Quantum metrology with a non-linear kicked Mach-Zehnder interferometer

TL;DR

This paper investigates a non-linear kicked Mach-Zehnder interferometer's sensitivity, revealing conditions under which it can achieve Heisenberg-limited scaling and how non-linear kicks enhance sensitivity under damping.

Contribution

It introduces a non-linear kicked version of the Mach-Zehnder interferometer and analyzes its sensitivity, highlighting the role of squeezing and non-linear kicks in quantum metrology.

Findings

Heisenberg-limited scaling occurs with dominant squeezing and no damping.

Non-linear kicks can significantly boost sensitivity at moderate damping.

Sensitivity depends on phase shift, kicking strength, photon number, and damping.

Abstract

We study the sensitivity of a Mach-Zehnder interferometer that contains in addition to the phase shifter a non-linear element. By including both elements in a cavity or a loop that the light transverses many times, a non-linear kicked version of the interferometer arises.

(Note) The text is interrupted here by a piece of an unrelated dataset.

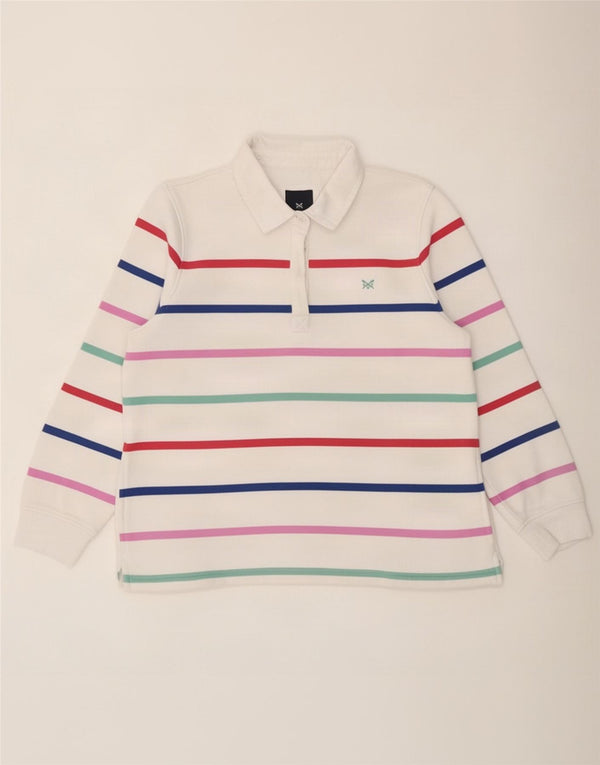 Crew Clothing Polo da rugby da donna a maniche lunghe UK 14 Large White Striped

We study its sensitivity as function of the phase shift, the kicking strength, the maximally reached average number of photons, and damping due to photon loss for an initial coherent state. We find that for vanishing damping Heisenberg-limited scaling of the sensitivity arises if squeezing dominates the total photon number. For small to moderate damping rates the non-linear kicks can considerably increase the sensitivity as measured by the quantum Fisher information per unit time.